Web page caption snippets

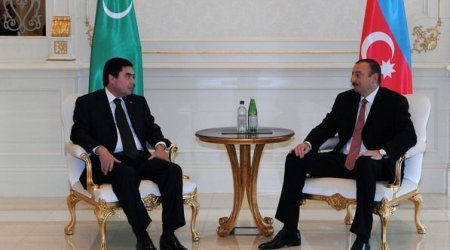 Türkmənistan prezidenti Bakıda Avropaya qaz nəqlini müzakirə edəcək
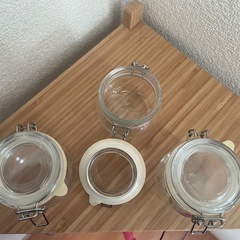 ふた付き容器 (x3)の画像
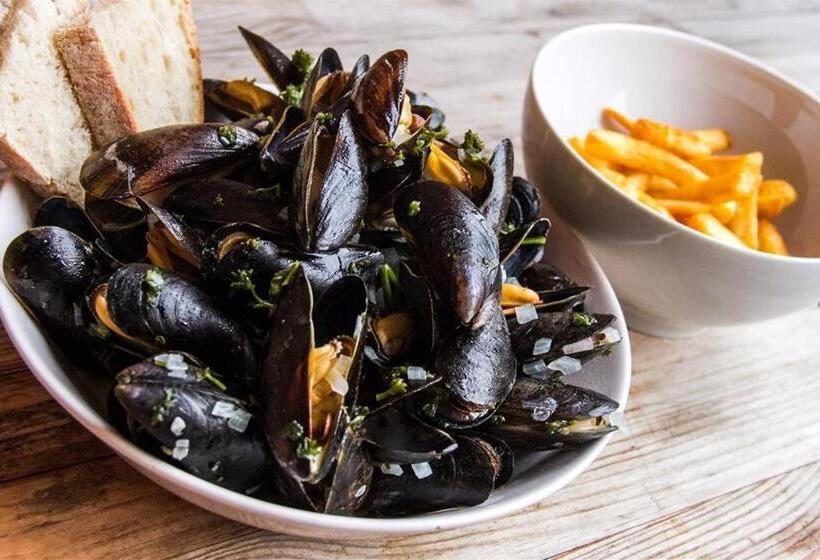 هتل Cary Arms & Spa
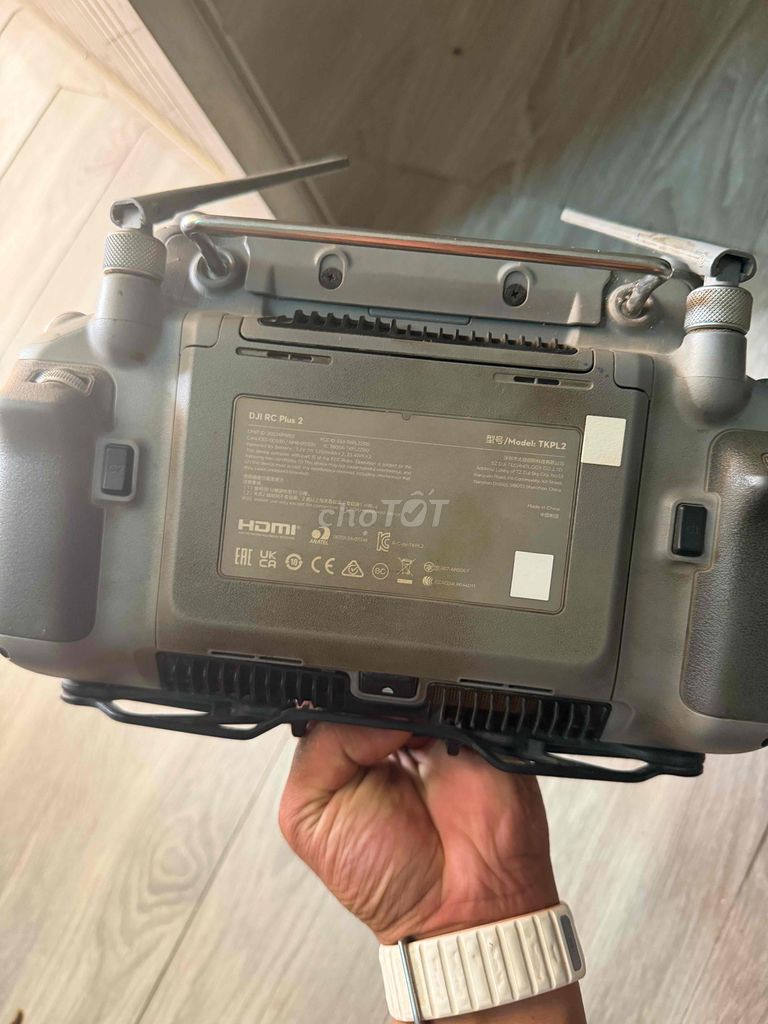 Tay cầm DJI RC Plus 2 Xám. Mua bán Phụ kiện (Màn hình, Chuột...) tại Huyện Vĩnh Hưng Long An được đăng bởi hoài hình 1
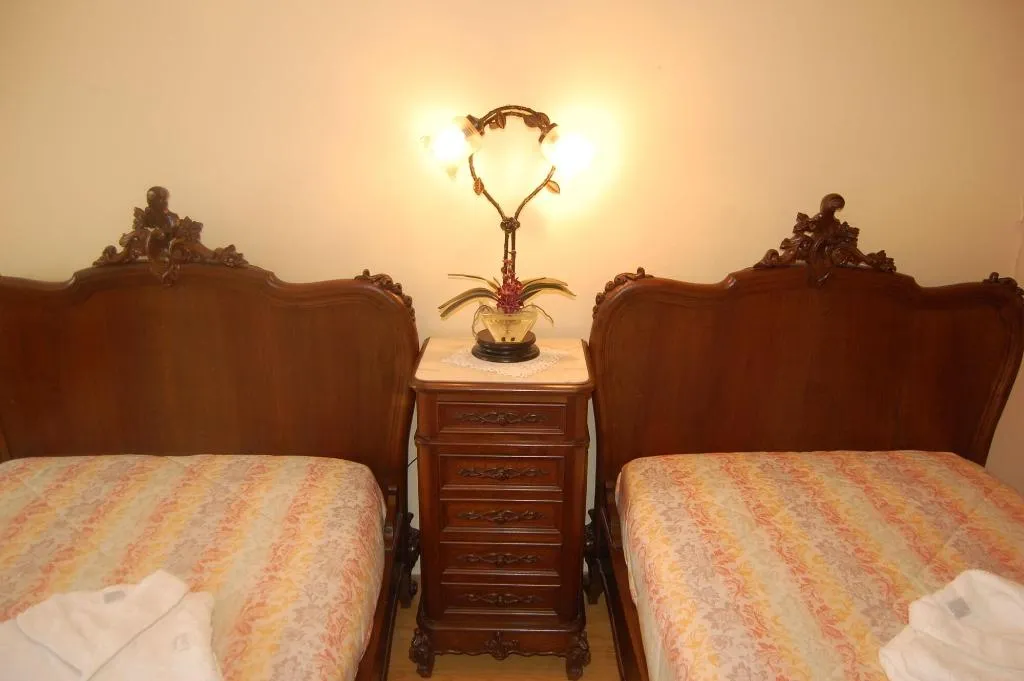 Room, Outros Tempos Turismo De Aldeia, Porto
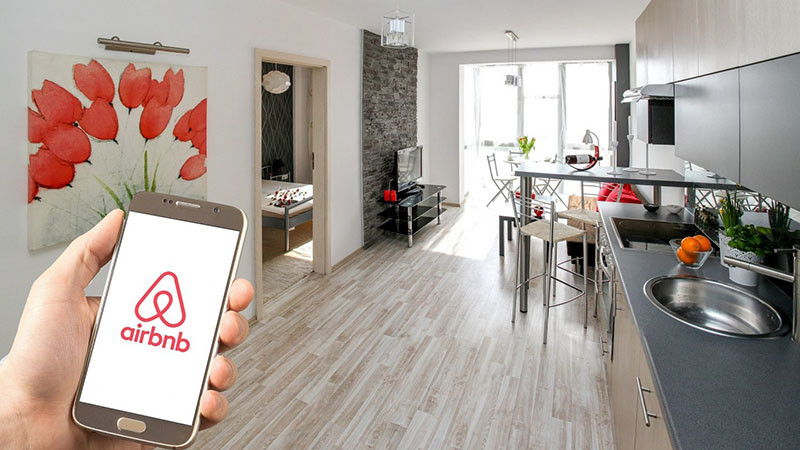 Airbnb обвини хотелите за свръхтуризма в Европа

Problem - The entries are to be transcribed in full. Their pictures are not.

Exercise result -
 Türkmənistan prezidenti Bakıda Avropaya qaz nəqlini müzakirə edəcək
 ふた付き容器 (x3)の画像
 هتل Cary Arms & Spa
 Tay cầm DJI RC Plus 2 Xám. Mua bán Phụ kiện (Màn hình, Chuột...) tại Huyện Vĩnh Hưng Long An được đăng bởi hoài hình 1
 Room, Outros Tempos Turismo De Aldeia, Porto
 Airbnb обвини хотелите за свръхтуризма в Европа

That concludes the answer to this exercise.